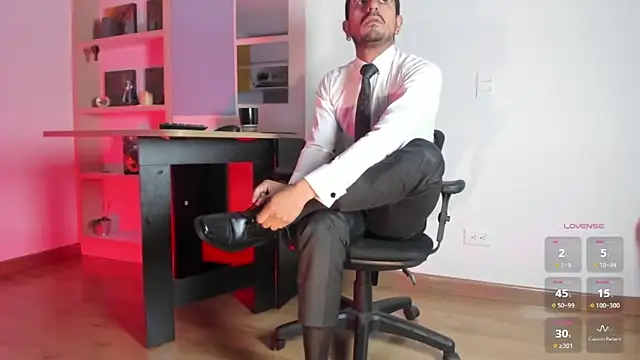 Snapshot of pablo-rincon95 chatting on November 27, 2025, 12:18 pm pablo-rincon95 online show from November 27, 2025, 12:18 pm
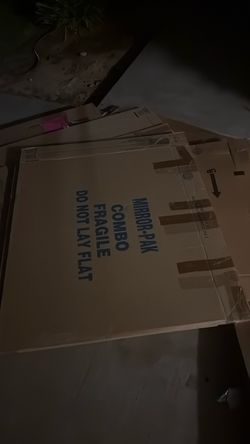 Free mirror and art boxes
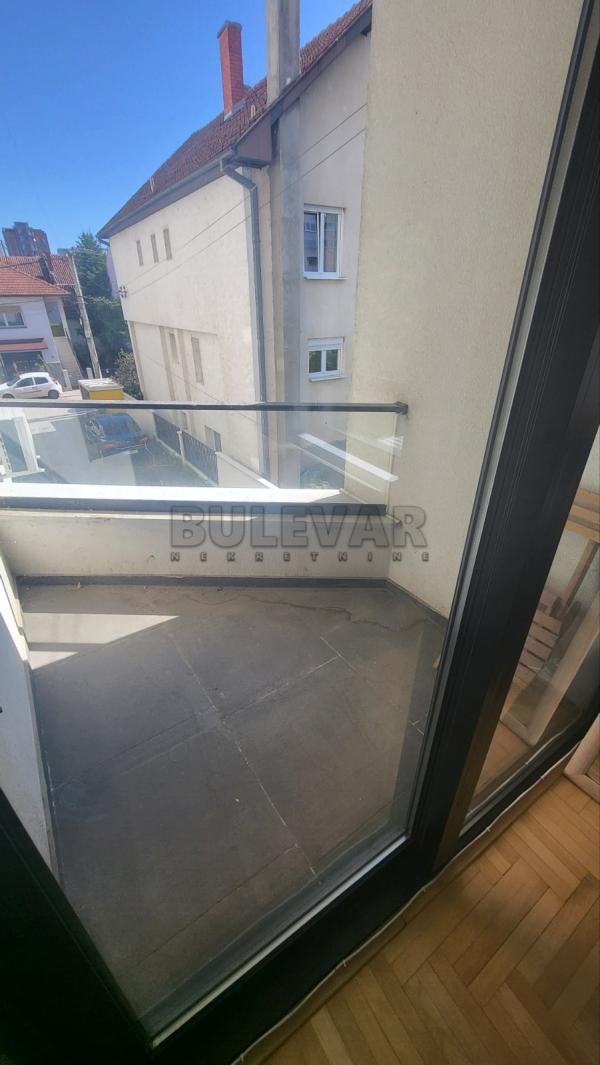 Slika 8 - Jovana Skerlića, Jednoiposoban stan za izdavanje, 42m2, 350€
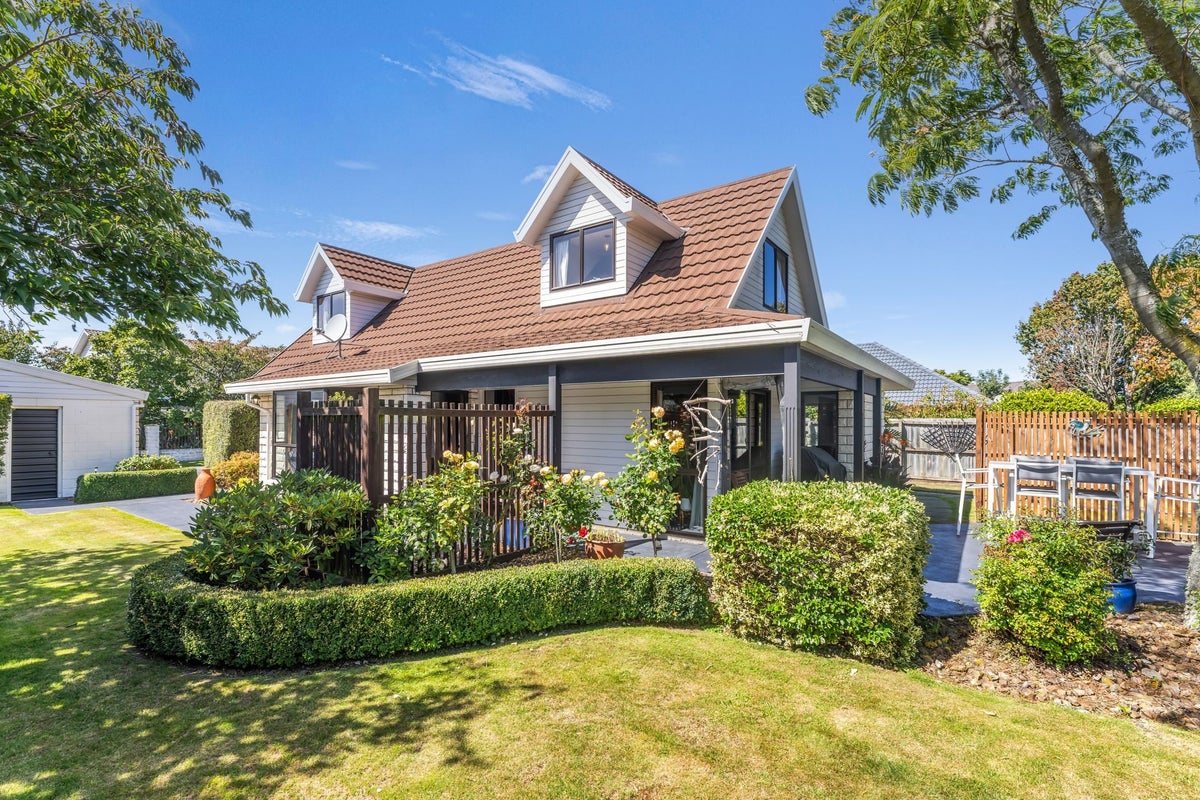 10 Rowanwood Close, Halswell, Christchurch - Carousel 1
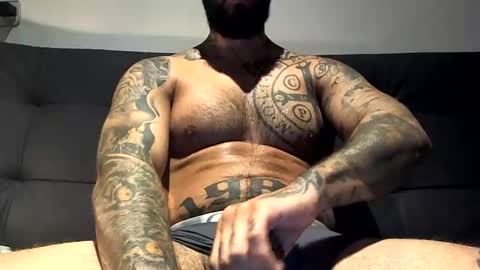 bby044 online show from December 30, 2024, 9:37 am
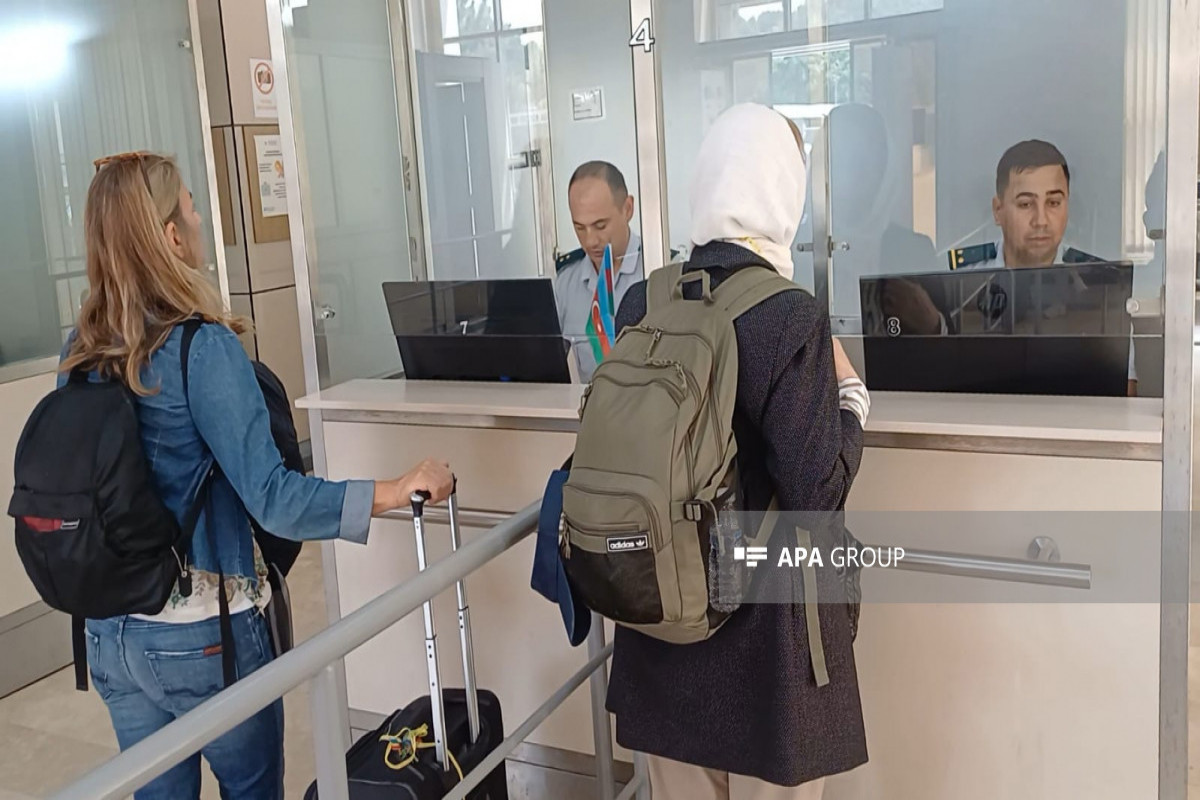 حدود ۲۰ شهروند اوکراینی از ایران به آذربایجان منتقل شدند - تصاویر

What you should do: Repeat all entries exactly, pictures excluded.

Response to the task:
 Snapshot of pablo-rincon95 chatting on November 27, 2025, 12:18 pm pablo-rincon95 online show from November 27, 2025, 12:18 pm
 Free mirror and art boxes
 Slika 8 - Jovana Skerlića, Jednoiposoban stan za izdavanje, 42m2, 350€
 10 Rowanwood Close, Halswell, Christchurch - Carousel 1
 bby044 online show from December 30, 2024, 9:37 am
 حدود ۲۰ شهروند اوکراینی از ایران به آذربایجان منتقل شدند - تصاویر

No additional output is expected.